According to Nielsen Media Research, the episode was seen by an estimated 0.478 million household viewers and gained a 0.12 ratings share among adults aged 18–49. The episode received mostly positive reviews from critics, who praised its writing, suspense and climax.

==Plot==
As the Xenomorph keeps growing, Wendy continues attempting to communicate with it. Nibs undergoes a scientific test, but Atom Eins refuses to wait for more time; he instead asks Dame and Arthur to restore her state before the visit to the Tower. Dame reluctantly agrees, but Arthur refuses, prompting Atom to fire him and demand that he leave the facility that day, or face being executed.

Accompanied by Kirsh, Kavalier attends a meeting with Yutani, who is accompanied by Morrow.

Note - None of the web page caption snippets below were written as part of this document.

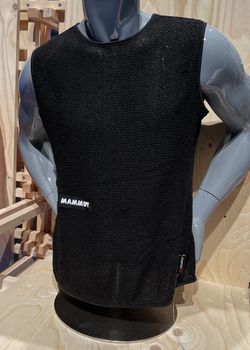 Mit der Weste von Mammut bleibst du selbst nach langen Stunden angenehm trocken und warm.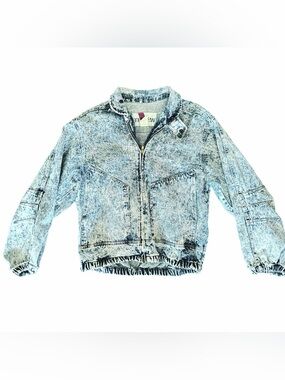 Vintage Acid Wash Cropped Denim Jacket | Distressed | Statement Back Crest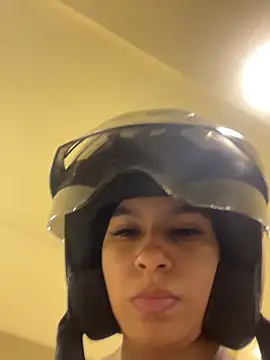 AlyssaRay online show from 05-28-26, 01:41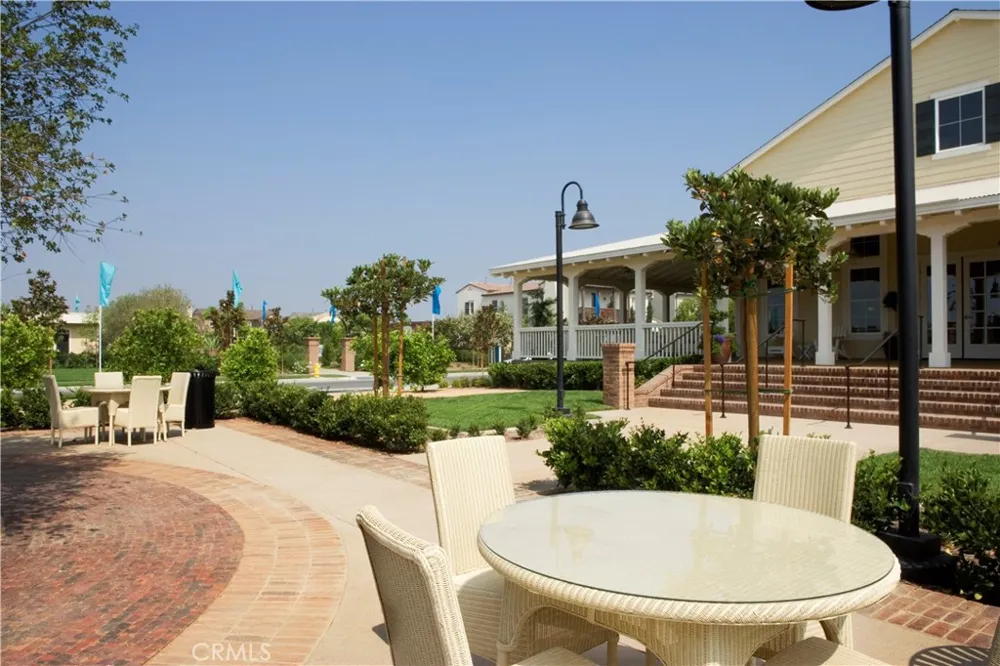 3952 E. BUCKNELL PASEO Ontario, CA 91761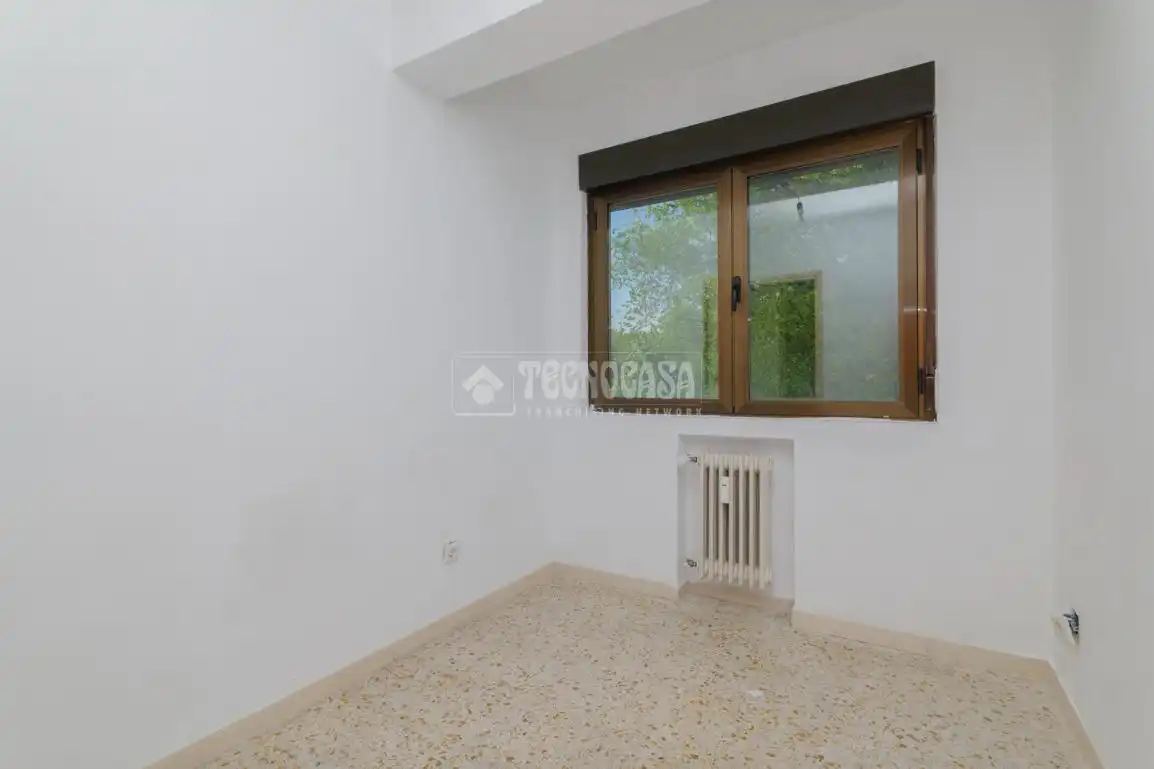 Bedroom of Flat for sale in Madrid  with Heating, Parquet flooring and Terrace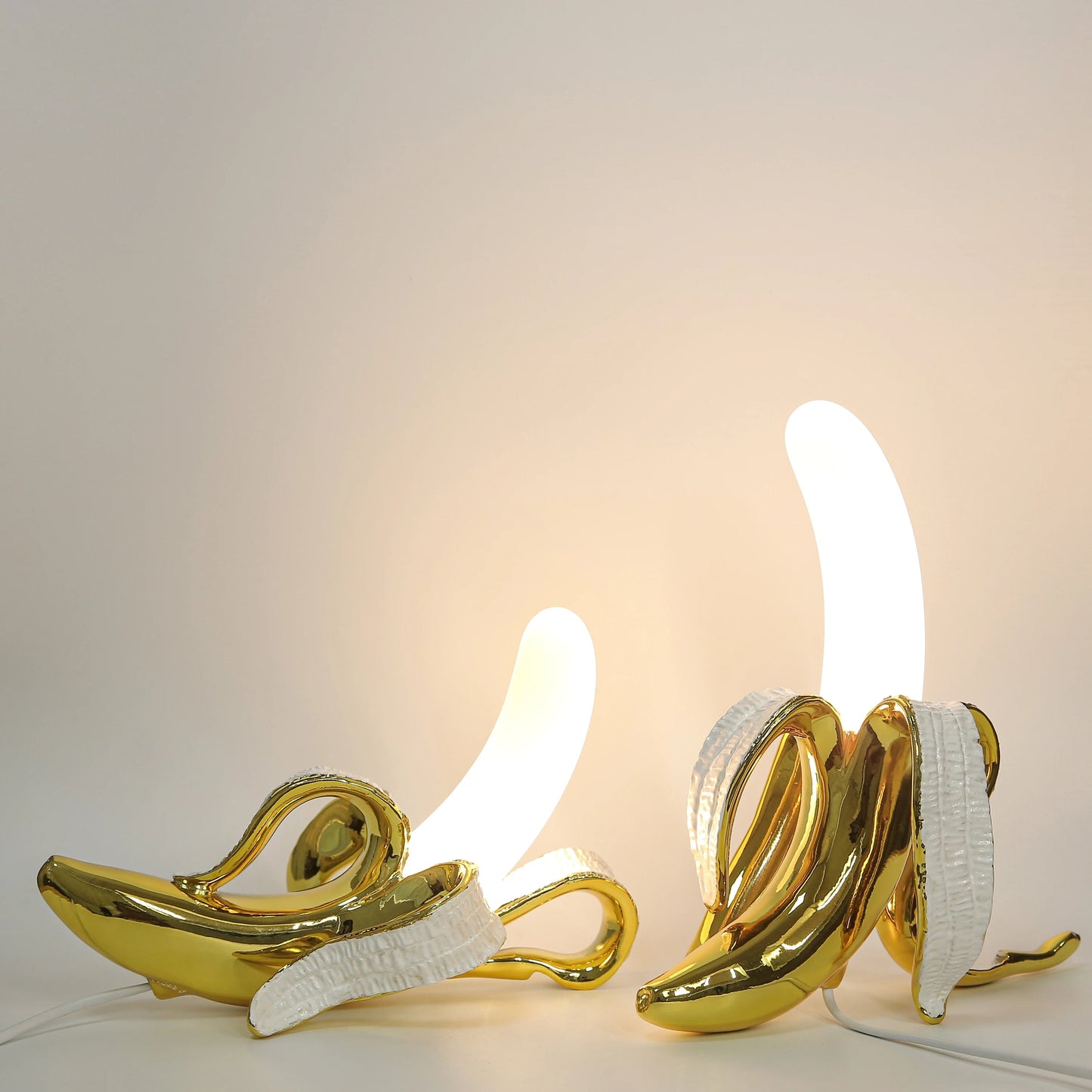 Bananenlicht – Moderne Tischlampe für kreative Räume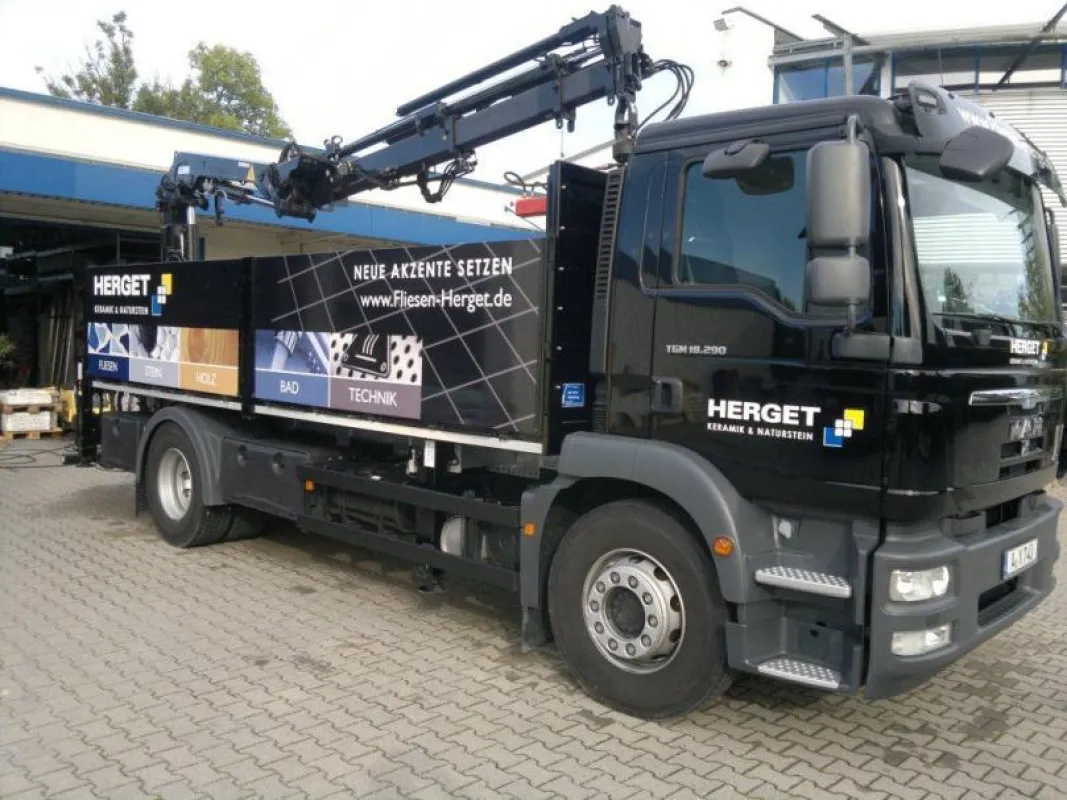 Neuer LKW mit Heckladekran im Fuhrpark von HERGET Keramik & Naturstein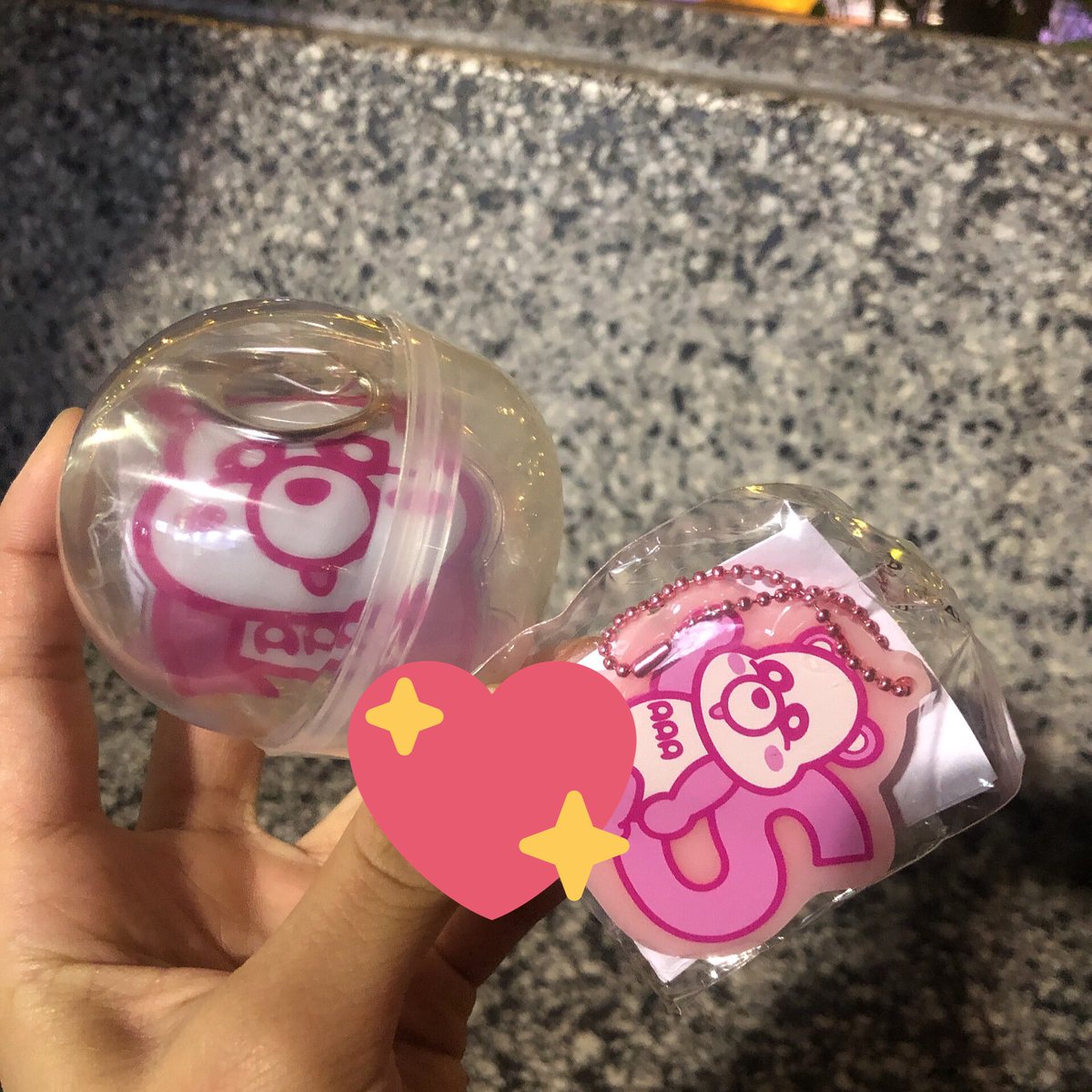 chunmana_AAA's tweet photo. 譲:秀太　ピンク　
求:與クリアキーホルダーor定価買取

異種での交換になってしまいますが、交換していただけるかたリプお願いします🙇‍♀️

#AAAグッズ 
#末吉秀太 
#與真司郎 https://t.co/5ee2vgQV4M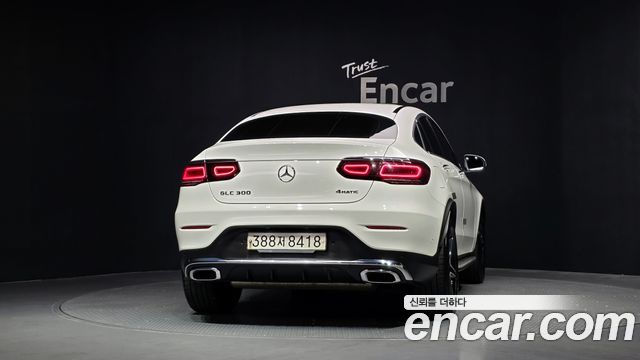 Mercedes-Benz GLC-Class GCL300 4MATIC Coupe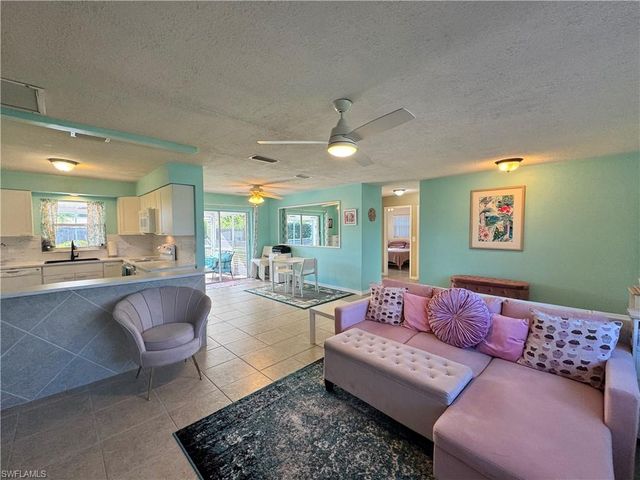 1027 SE 17th AVE, Cape Coral, FL 33990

Yutani wants the cargo back as the ship was Weyland-Yutani's, but Kavalier claims the costs of damages and civilian deaths make it his property to investigate. They finally reach an agreement wherein Yutani will give him billions for the damages, but Kavalier states he will not return the cargo for another six weeks, the protocol for off-world quarantine. Morrow still tells Yutani that he will retrieve the specimens as soon as possible.

While Kirsh is away, Isaac is asked to take care of the specimens. As he serves them food, the Ocellus surprises him into accidentally locking himself in the same cage as two fly-like creatures, who spray acid on his face, killing him, before feeding on his body. Wendy is confused by Nibs' new behavior and confronts Dame, who confirms they reprogrammed her. Upset, she declares that they are only using them as tools. Morrow once again tries to get Slightly to help him get a human near the egg; he asks Joe to help with something, but Joe is forced to decline as he is deployed to a new assignment.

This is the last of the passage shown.